(Stored items from a collection)
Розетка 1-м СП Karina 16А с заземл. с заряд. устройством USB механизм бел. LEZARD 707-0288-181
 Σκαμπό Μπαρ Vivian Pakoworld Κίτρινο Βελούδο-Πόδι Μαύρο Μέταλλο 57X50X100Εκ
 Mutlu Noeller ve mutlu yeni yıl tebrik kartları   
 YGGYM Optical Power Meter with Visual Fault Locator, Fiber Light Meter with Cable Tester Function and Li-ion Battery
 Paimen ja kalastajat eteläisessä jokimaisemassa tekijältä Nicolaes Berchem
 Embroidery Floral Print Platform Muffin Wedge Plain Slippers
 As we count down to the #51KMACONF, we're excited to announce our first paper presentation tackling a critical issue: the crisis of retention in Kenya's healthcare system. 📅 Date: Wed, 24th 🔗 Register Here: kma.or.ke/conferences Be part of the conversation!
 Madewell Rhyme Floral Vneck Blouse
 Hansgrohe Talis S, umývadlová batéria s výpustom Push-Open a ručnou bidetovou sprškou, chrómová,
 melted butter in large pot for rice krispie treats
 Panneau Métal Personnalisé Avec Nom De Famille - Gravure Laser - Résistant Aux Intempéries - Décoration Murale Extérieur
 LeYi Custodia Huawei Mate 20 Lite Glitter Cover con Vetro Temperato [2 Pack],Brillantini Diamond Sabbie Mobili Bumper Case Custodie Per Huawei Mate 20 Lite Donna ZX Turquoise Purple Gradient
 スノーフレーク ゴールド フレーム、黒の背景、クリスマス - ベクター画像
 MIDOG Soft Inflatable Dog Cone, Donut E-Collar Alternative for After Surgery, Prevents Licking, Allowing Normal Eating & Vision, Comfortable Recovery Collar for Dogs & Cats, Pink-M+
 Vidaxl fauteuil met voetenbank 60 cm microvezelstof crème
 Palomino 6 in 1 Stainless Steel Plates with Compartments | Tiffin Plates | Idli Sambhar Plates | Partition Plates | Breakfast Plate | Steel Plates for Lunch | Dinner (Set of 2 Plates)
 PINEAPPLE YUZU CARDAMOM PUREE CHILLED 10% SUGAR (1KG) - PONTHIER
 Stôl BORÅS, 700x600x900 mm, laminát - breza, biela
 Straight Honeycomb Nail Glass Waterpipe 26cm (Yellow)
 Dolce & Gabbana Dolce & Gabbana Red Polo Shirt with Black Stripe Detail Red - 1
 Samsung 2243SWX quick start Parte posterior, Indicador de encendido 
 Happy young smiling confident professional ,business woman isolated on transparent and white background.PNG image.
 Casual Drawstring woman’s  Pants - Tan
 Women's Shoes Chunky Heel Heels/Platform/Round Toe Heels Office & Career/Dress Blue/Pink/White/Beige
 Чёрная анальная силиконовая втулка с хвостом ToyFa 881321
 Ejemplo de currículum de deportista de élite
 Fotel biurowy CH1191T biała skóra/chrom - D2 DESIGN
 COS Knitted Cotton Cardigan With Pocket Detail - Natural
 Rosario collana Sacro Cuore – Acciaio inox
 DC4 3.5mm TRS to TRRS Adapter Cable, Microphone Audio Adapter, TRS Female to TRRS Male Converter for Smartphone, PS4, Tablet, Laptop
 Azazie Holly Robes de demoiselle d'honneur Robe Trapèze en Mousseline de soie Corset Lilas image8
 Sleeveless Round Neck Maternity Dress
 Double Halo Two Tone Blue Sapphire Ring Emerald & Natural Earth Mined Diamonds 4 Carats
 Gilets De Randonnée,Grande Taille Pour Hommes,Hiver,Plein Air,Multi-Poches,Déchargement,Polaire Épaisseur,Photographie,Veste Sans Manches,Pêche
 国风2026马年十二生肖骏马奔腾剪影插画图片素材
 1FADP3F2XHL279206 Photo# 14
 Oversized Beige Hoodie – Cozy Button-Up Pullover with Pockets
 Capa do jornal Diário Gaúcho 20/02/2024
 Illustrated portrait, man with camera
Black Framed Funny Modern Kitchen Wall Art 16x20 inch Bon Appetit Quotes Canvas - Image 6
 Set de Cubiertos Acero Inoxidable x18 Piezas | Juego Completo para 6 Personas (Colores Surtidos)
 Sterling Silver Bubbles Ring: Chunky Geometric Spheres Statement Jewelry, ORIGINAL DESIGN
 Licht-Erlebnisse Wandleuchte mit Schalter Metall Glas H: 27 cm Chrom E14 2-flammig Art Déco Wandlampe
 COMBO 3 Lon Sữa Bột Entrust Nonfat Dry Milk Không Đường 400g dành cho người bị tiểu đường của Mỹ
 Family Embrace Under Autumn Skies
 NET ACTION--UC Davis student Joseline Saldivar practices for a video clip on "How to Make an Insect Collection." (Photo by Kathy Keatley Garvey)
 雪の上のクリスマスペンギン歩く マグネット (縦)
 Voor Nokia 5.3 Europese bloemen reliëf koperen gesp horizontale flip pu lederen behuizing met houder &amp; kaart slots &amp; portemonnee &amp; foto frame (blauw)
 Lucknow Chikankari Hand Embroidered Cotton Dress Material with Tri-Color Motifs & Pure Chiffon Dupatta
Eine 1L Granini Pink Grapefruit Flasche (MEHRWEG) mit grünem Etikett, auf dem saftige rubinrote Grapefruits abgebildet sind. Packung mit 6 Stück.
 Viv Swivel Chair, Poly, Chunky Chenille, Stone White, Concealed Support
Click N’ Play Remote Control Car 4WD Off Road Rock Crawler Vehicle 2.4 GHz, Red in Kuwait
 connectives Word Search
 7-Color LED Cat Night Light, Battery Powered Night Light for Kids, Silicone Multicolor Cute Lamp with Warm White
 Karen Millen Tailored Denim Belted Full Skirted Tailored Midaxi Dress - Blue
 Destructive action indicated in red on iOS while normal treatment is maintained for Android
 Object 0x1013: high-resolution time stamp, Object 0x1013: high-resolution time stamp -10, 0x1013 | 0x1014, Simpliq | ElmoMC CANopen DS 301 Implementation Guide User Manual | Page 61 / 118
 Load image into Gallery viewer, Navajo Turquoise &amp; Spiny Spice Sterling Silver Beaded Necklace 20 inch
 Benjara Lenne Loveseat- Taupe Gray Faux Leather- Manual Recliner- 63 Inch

**Work request**
Starting at the line above that contains "Black Framed Funny", repeat each line exactly up to and including the line that contains "Sterling Silver Bubbles", and stop there.

**Output of the task**
Black Framed Funny Modern Kitchen Wall Art 16x20 inch Bon Appetit Quotes Canvas - Image 6
 Set de Cubiertos Acero Inoxidable x18 Piezas | Juego Completo para 6 Personas (Colores Surtidos)
 Sterling Silver Bubbles Ring: Chunky Geometric Spheres Statement Jewelry, ORIGINAL DESIGN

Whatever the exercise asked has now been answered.